Cette période dépressionnaire ressemble à l’image du train de l’Histoire lancée à une allure folle et dont on voudrait descendre. Elle va en réalité plus loin, puisqu’il est avéré depuis longtemps qu’on ne descend pas en général du train fou. Elle semble plutôt être une façon fataliste de s’en remettre aux événements, après avoir constaté qu’on ne peut plus, si l’on ne put jamais, leur imposer un contrôle humain. Plus précisément, elle paraît être l’abdication de la volonté politique, ou de ce qui en tient lieu, devant une logique et une force supérieures. Si l’on considère l’état du système et des hommes, ce n’est pas une surprise considérable.

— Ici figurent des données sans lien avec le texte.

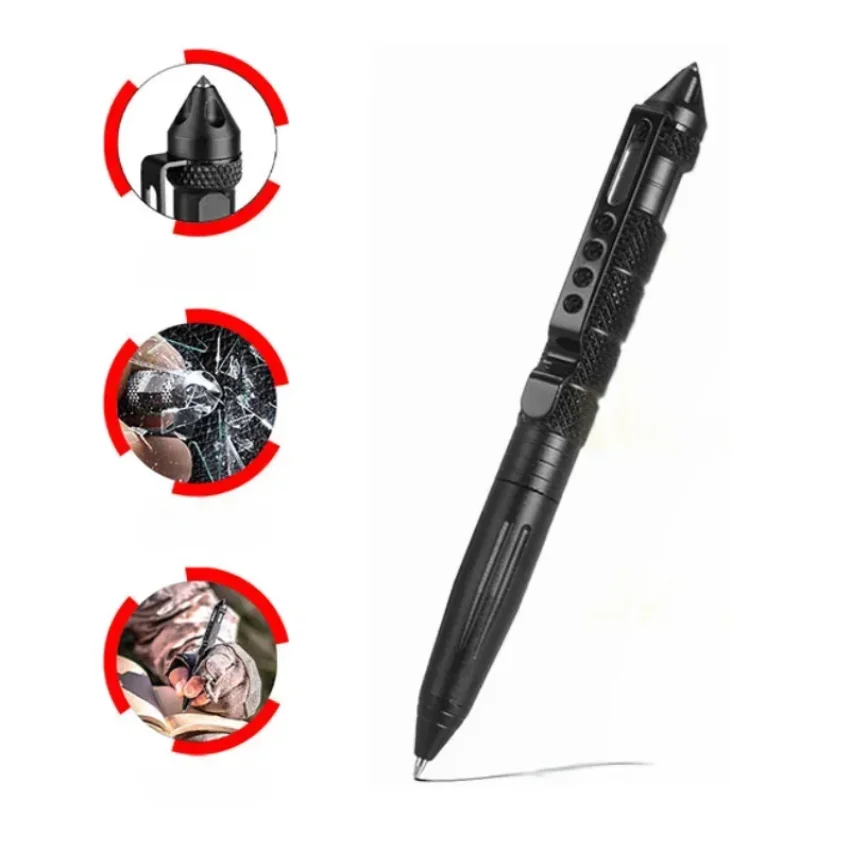 

Multifunctional Tactical Pen Self Defense Anti Skid Emergency Survival Tool Glass Breaker Tungsten Steel Outdoor Rescue Escape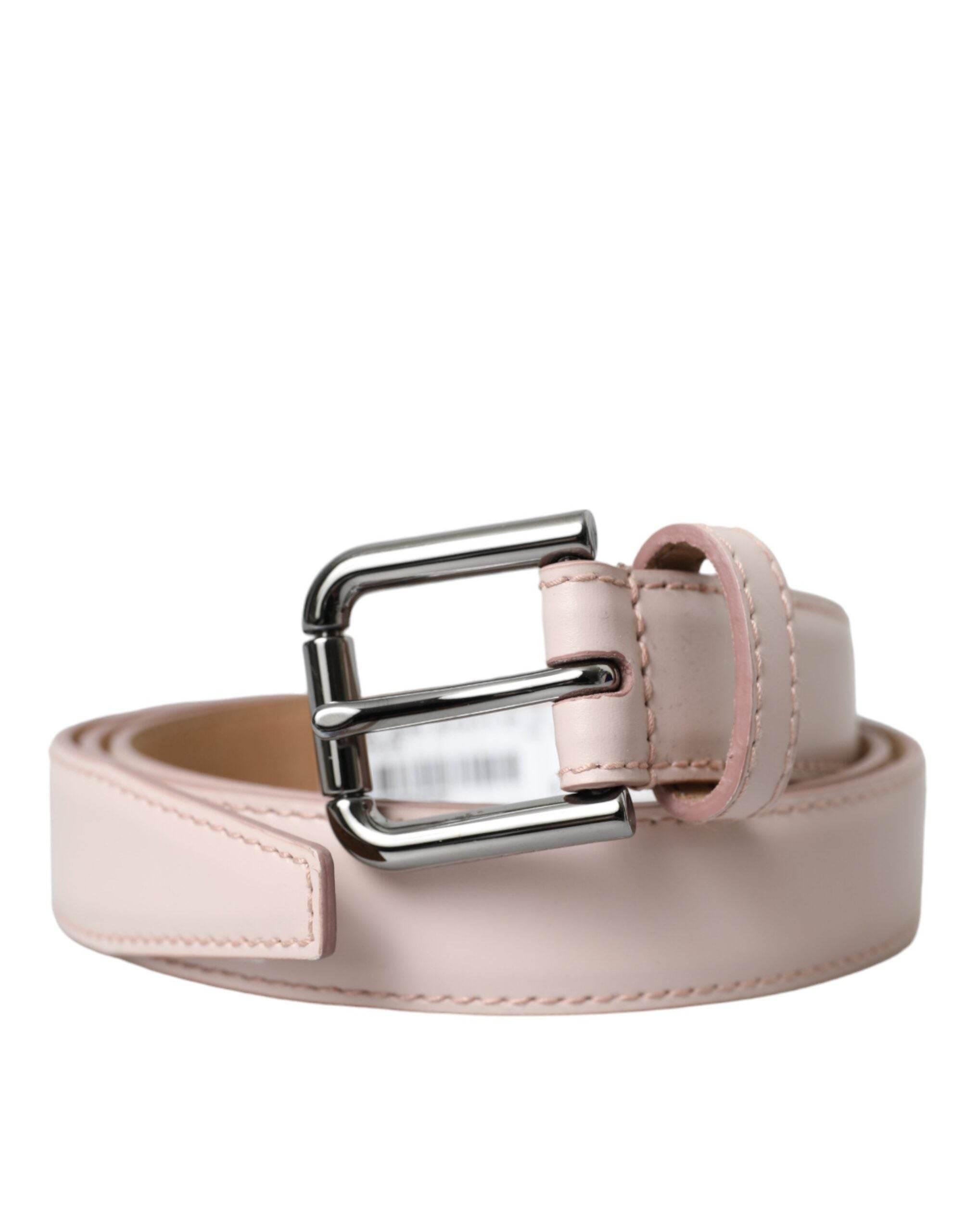 Dolce & Gabbana Light Pink Leather Silver Metal Buckle Belt - Hilstor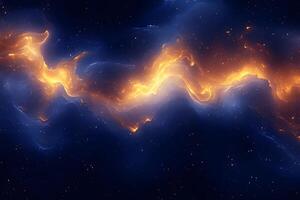Cosmic Nebula Wave with Vibrant Gold and Blue Light in Outer Space photo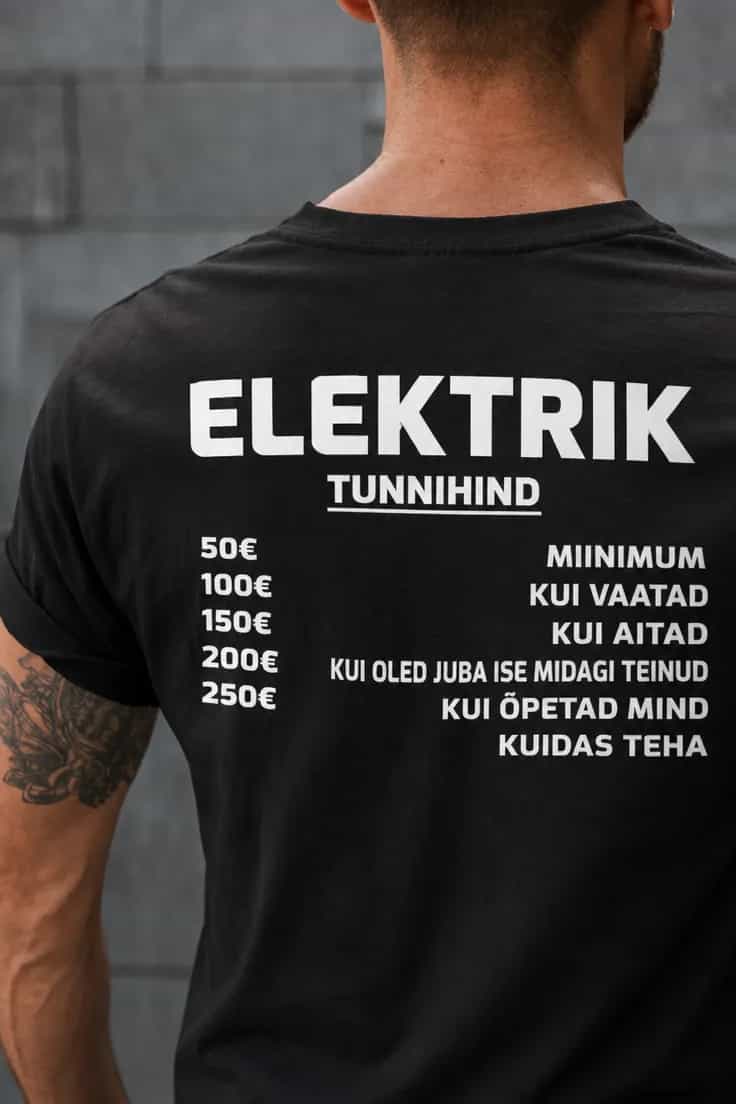 T-särk Elektriku tunnihind soovitud elukutsega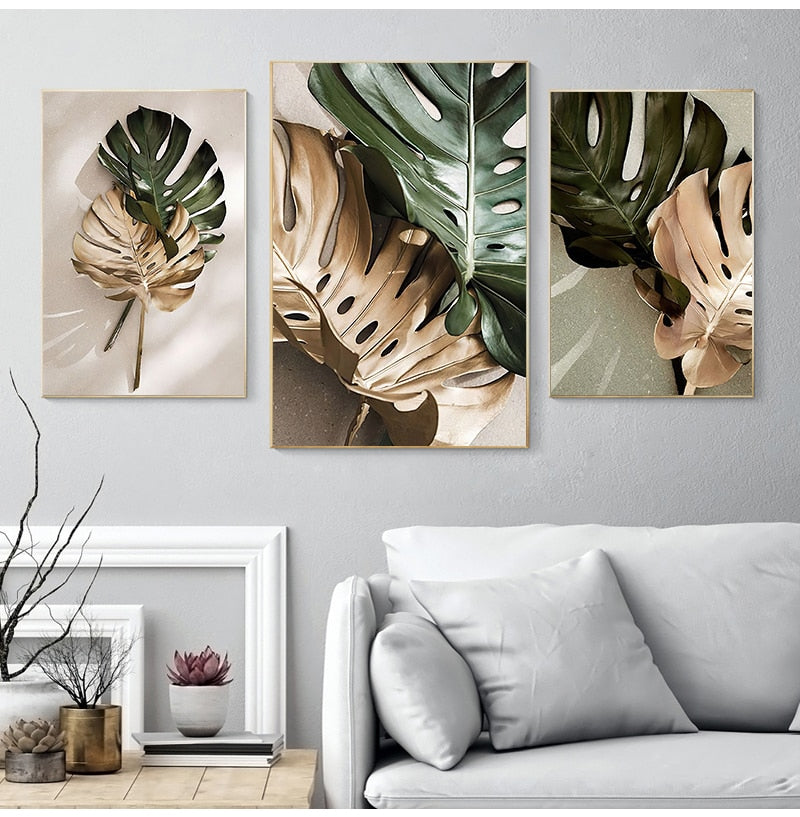 Arthia Designs - Golden Green Monstera Leaves Canvas Art - Review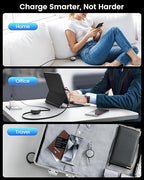 CAFELE 5-in-1 Retractable USB C Cable, 100W Multi Charging Cable USB C/A to L/Type C, 5A Fast Charging Multiple Charger Cord for Multiple Devices, Phone 16/15/14, Galaxy S24/S23, MBook, Pad (3.6ft)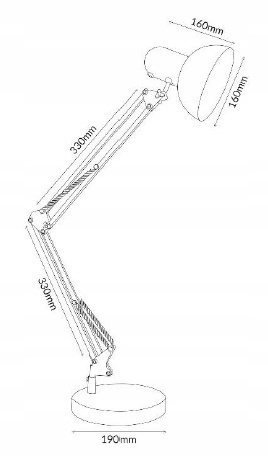 Lampa biurkowa DEON, 60W, E27, wysoka,sta,biała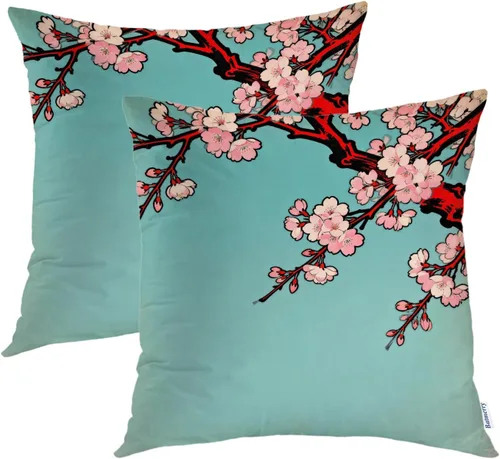 Miniatura 32 de Batmerry Black Cat Green Leaves Throw Pillow Covers, Cat Among Foliage Decorative Pillow Covers Digital Printing Blended Fabric for Couch Sofa Bed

Il est évident qu’il sera intéressant d’observer le G20 de Londres à la lumière de cette interprétation. La réunion confirmera-t-elle cette impression qu’on expose ici, ou bien y aura-t-il un sursaut? Décidera-t-on, après tout, comme la meilleure attaque possible contre la crise, «to talk the economy up»? Poser toutes ces questions, cela semble bien y répondre déjà. Le constat général, quelle que soit l’issue, est bien celui de l’inexistence complète des directions politiques et de nos élites; mangées par le système, les unes et les autres, et se contentant après tout d’être mâchées au rythme des événements du monde. Nous éprouvons quelque crainte que tout cela ne soit guère à la hauteur des espérances de l’exigeant Martin Wolf.